Sleep Disorders | Sleep Review
It’s no secret that jet lag and night shift work can wreak havoc on how our body’s clock synchronizes our daily wake-sleep cycle, known as the circadian rhythm, but now researchers say they have come a step closer to understanding how our brain works are behavioral rhythms that are optimized for daily and not nightly life.
In a new study published Nov. 30 in the journal eLife, researchers reported recording and modeling the electrical activity of circadian clock neurons in a diurnal species – the four-lined grass mouse Rhabdomys pumilio.
To date, brain recording studies in nocturnal species have mainly been used to gain an understanding of the mammalian master circadian clock – located in the hypothalamic suprachiasmatic nucleus (SCN) of the brain, where nearly 20,000 neurons synchronize with the light-dark cycle via electrical signals Orchestrate rhythms in our physiology and behavior.
Researchers say the study is an advancement in further exploring the relationship between circadian rhythms and human health, including the relationship between daytime light exposure and circadian sleep disorders.
“Almost everything we know about the brain’s circadian clock comes from studies on nocturnal rodents such as rats and mice, which makes it difficult to transfer this knowledge to human circadian rhythms,” said Casey Diekman, co-author of the study and a mathematical biologist at New Jersey Institute of Technology, according to a press release. “This work is the first to describe the intricate electrical landscape of the SCN in a diurnal mammal, and it shows remarkable differences from nocturnal animals that can be important in adapting clock neuron function to the specific biological requirements of a diurnal species.”
“We found that the overall day / night pattern of SCN neuron activity in the diurnal rodent R. pumilio resembles the pattern previously observed in nocturnal species,” says Beatriz Bano-Otalora, co-first author of the study and a biologist , who works with the laboratories of Robert Lucas and Timothy Brown at the University of Manchester, in a statement. “We also found unique features in the behavior of R. pumilio’s SCN neurons that had never been seen before in nocturnal species.”
The team found that R. pumilio’s SCN neurons, like nocturnal rodents, fired spontaneously at a faster rate during the day than at night.
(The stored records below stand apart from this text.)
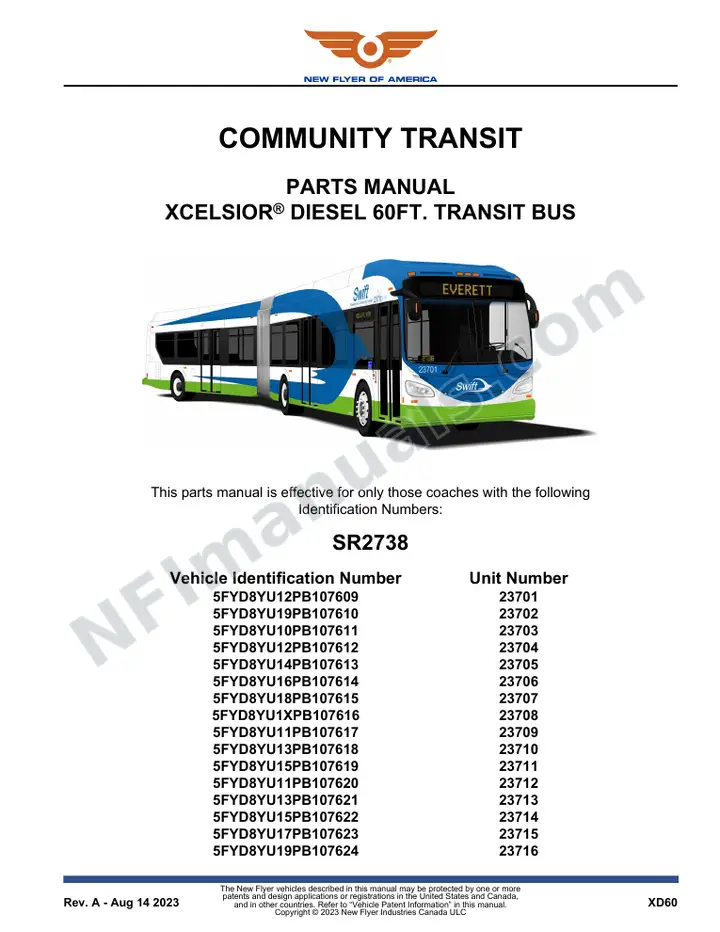 SR2738 Parts Manual, Community Transit first-page preview
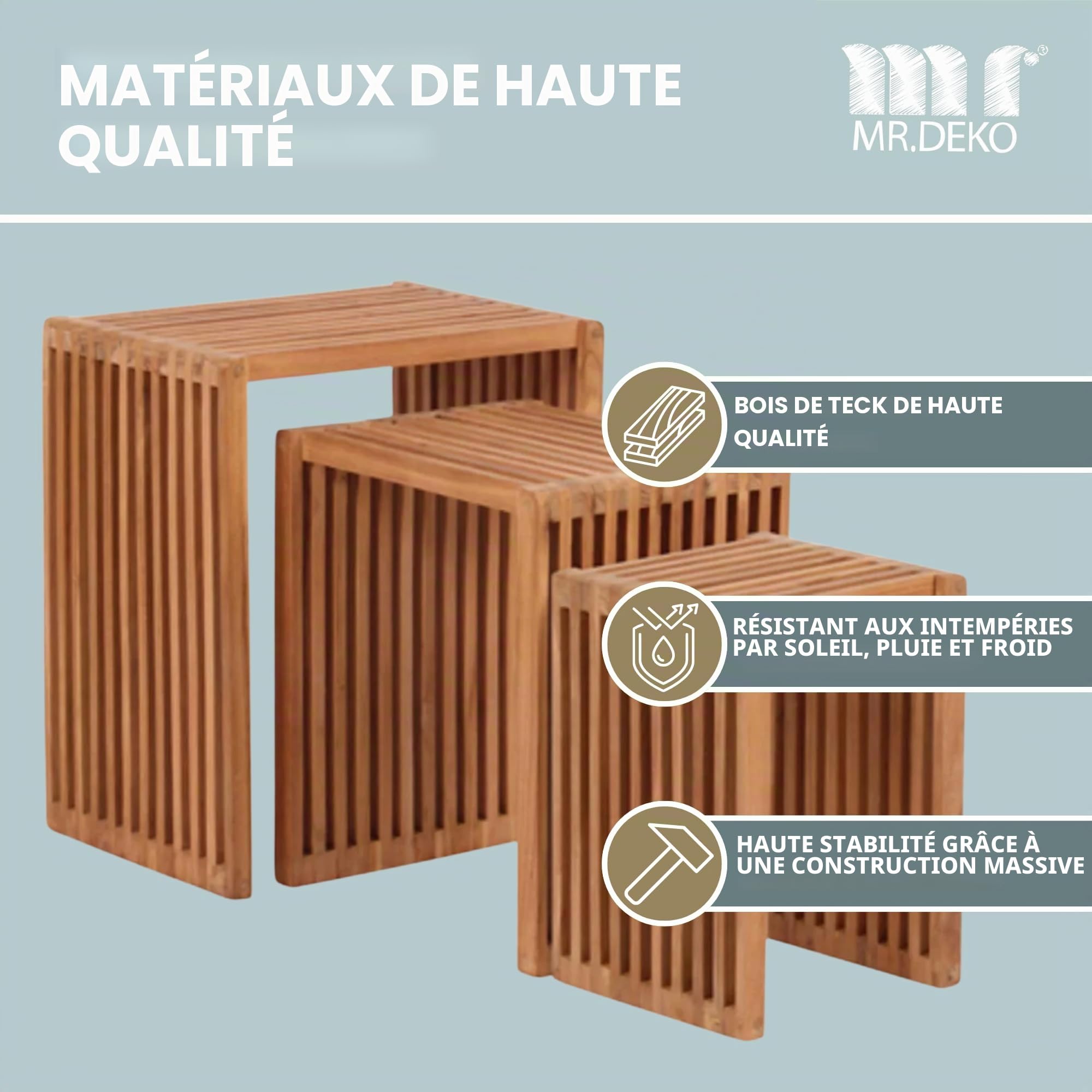 MR. DEKO Table d'appoint en Teck Massif | Table de Jardin extérieure | Mobilier pour terrasse Balcon Jardin | Design Intemporel | Résistant aux intempéries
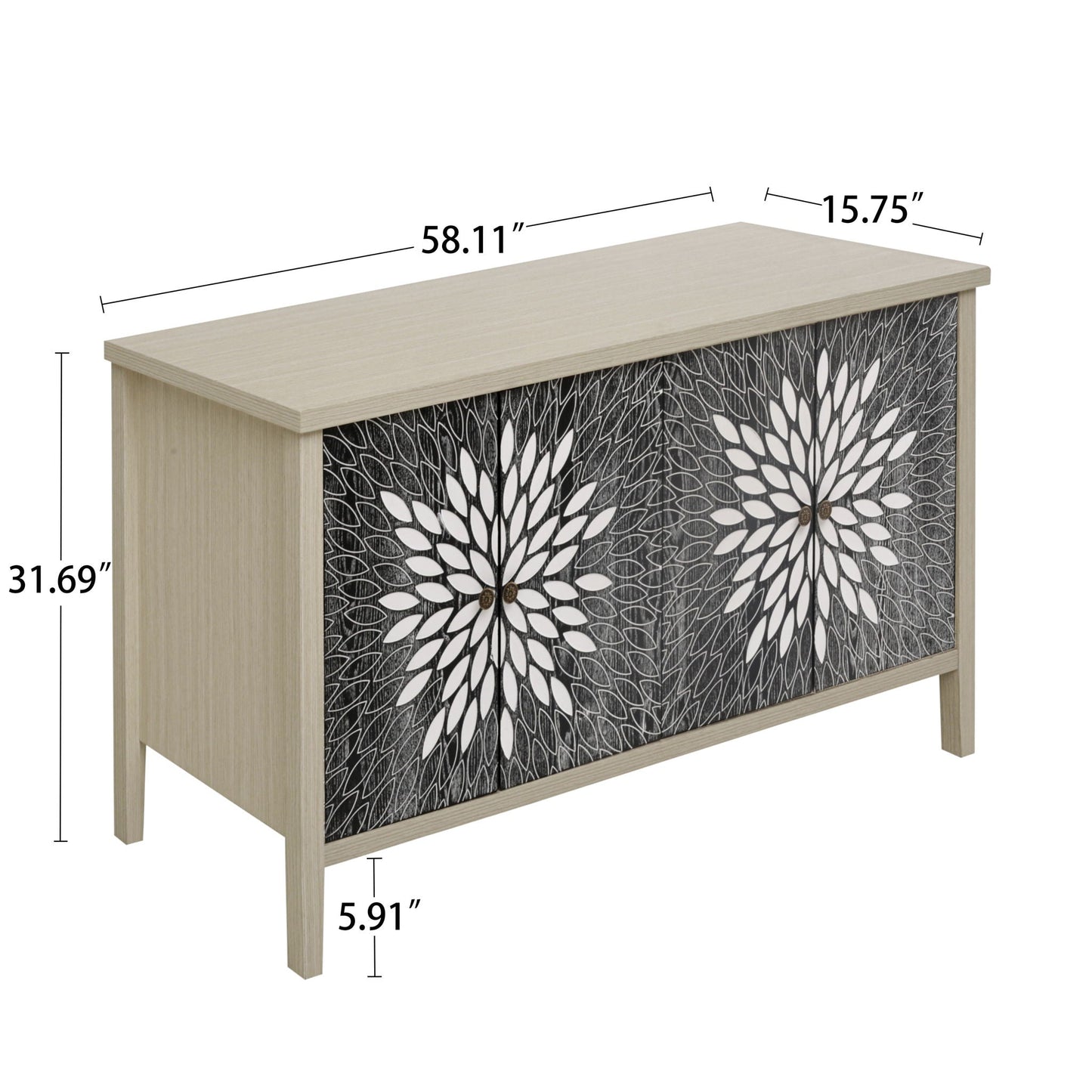 Modern Storage Cabinet With 4 Doors & Adjustable Shelves
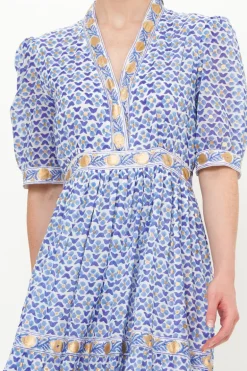 V-Neck Cuffed Maxi- Veranda Blue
This day / night rhythm of the rate of fire is the main signal that the SCN sends to the rest of the brain to tell the time of day.
“However, when we injected currents to inhibit these neurons, some cells showed a pronounced delay before firing again after the inhibition was lifted,” said Mino Belle, co-author of the study and a biologist at the University of Exeter. “This delay reaction is not present in the SCN of nocturnal rodents and can influence how R. pumilio clock neurons react to input received from other cells.”
To find out more, the team combined the voltage curves recorded by the rodent’s brain with a newly developed data assimilation algorithm. They created computer models that simulate the complex interaction of voltage-gated ion channels that create action potentials. The simulations showed that an increased conductivity of a certain ion channel, the transient A-potassium channel, was responsible for the delay reaction.
“The improved conductivity of this potassium channel indicated by our models could be beneficial for a diurnal species,” said Matthew Moye, co-first author of the study, a postdoctoral fellow at Merck & Co. who developed the team’s data assimilation algorithms as a PhD student at the Institute for Mathematical Sciences of the NJIT. “Vigilance leads to inhibitory behavioral feedback signals to the SCN, which in nocturnal animals helps to keep the SCN fire rates low at night. In diurnal animals this nocturnal inhibitory feedback is not present, so improved A-conductivity may be required to silence the SCN at night and to maintain the entire day / night ignition pattern. “
The team’s research follows separate results from Diekman and colleagues at Northwestern University, recently on the 15th signals at the cellular level. Diekman says the same data assimilation method developed to study R. pumilio neurons was used to build mathematical models from traces of tension in the fruit fly Drosophila melanogaster that ultimately show how Tango10 gene mutations contribute to circadian rhythms.
“Now that we have this powerful tool for extracting information from voltage waveforms, we hope to continue working with electrophysiology laboratories and applying data assimilation to records not only from neurons in the circadian clock but also from neurons associated with neurodegenerative diseases such as Alzheimer’s and Huntington’s, ”Diekman said.